Write out the lines below once more, exactly as they appear. Do not include pictures.

####################

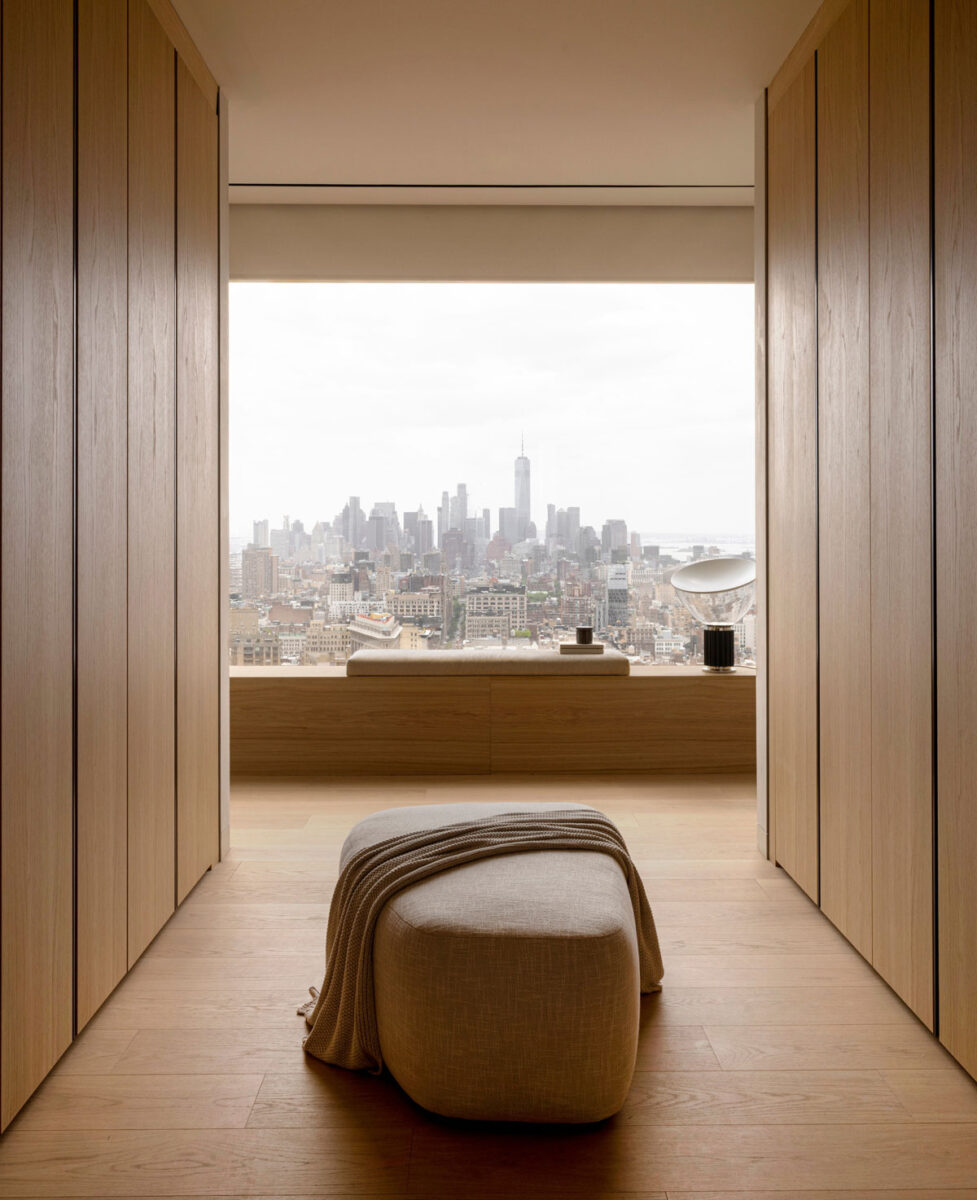 Minimalist luxury closet corridor with warm wood and natural materials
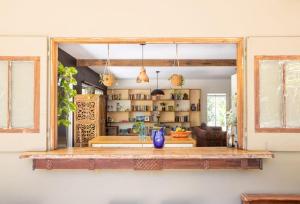 a living room with a counter and a window at Honeybird Hideaway in Crabbes Creek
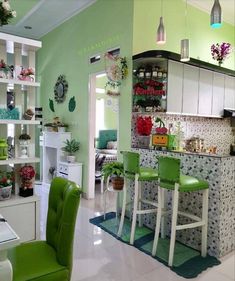 a kitchen filled with lots of green chairs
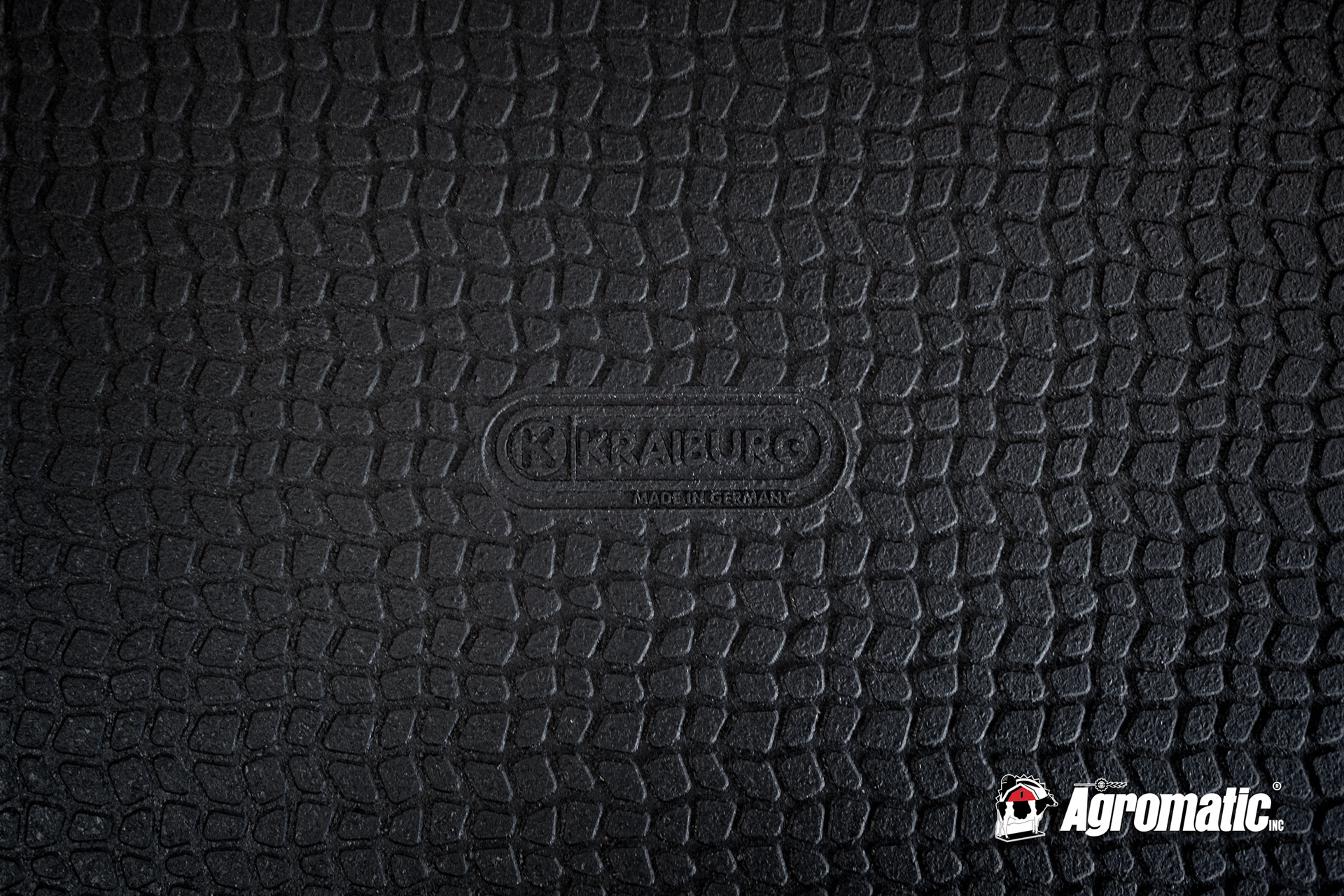 The pebbled surface of KRAIBURG's interlocking cow mats with the KRAIBURG logo stamped on. This is the surface used for both Cirrus and Kura mats.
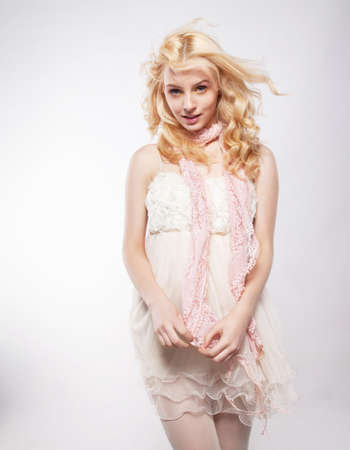 Young beautiful woman in a light dress. Motion.の写真素材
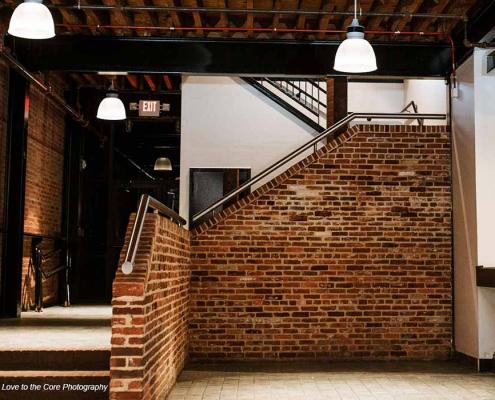 Brick event space interior with beam ceiling renovated by KasCon commercial general contractors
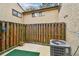 Enclosed patio area features a weathered wood fence, green turf, and partial view of the air conditioner unit at 6262 142Nd N Ave # 1302, Clearwater, FL 33760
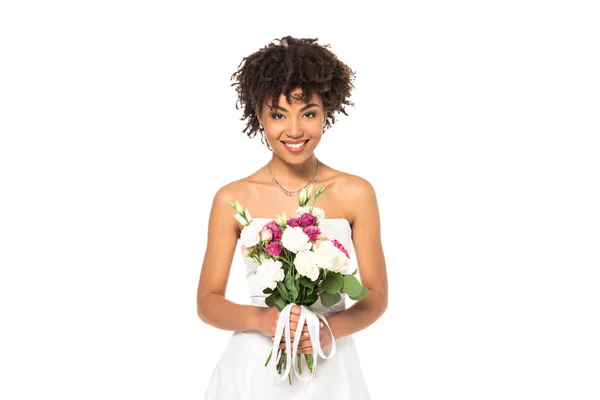 Heureuse mariée afro-américaine tenant bouquet et regardant la caméra isolée sur blanc — Photo de stock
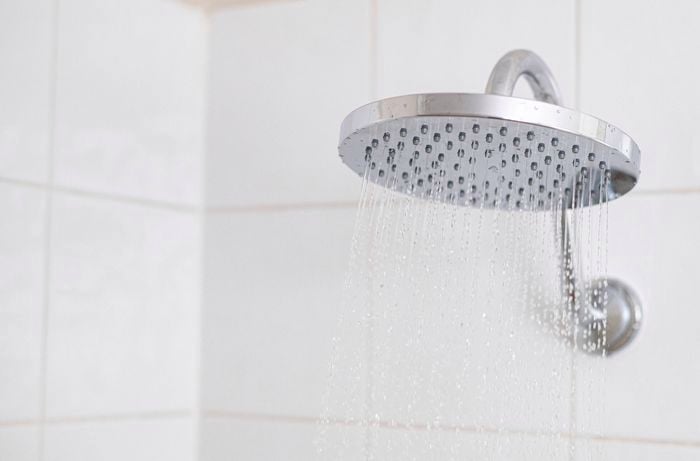 A shower head with water flowing from it.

####################

• [Result below]:
 Minimalist luxury closet corridor with warm wood and natural materials
 a living room with a counter and a window at Honeybird Hideaway in Crabbes Creek
 a kitchen filled with lots of green chairs
 The pebbled surface of KRAIBURG's interlocking cow mats with the KRAIBURG logo stamped on. This is the surface used for both Cirrus and Kura mats.
 Young beautiful woman in a light dress. Motion.の写真素材
 Brick event space interior with beam ceiling renovated by KasCon commercial general contractors
 Enclosed patio area features a weathered wood fence, green turf, and partial view of the air conditioner unit at 6262 142Nd N Ave # 1302, Clearwater, FL 33760
 Heureuse mariée afro-américaine tenant bouquet et regardant la caméra isolée sur blanc — Photo de stock
 A shower head with water flowing from it.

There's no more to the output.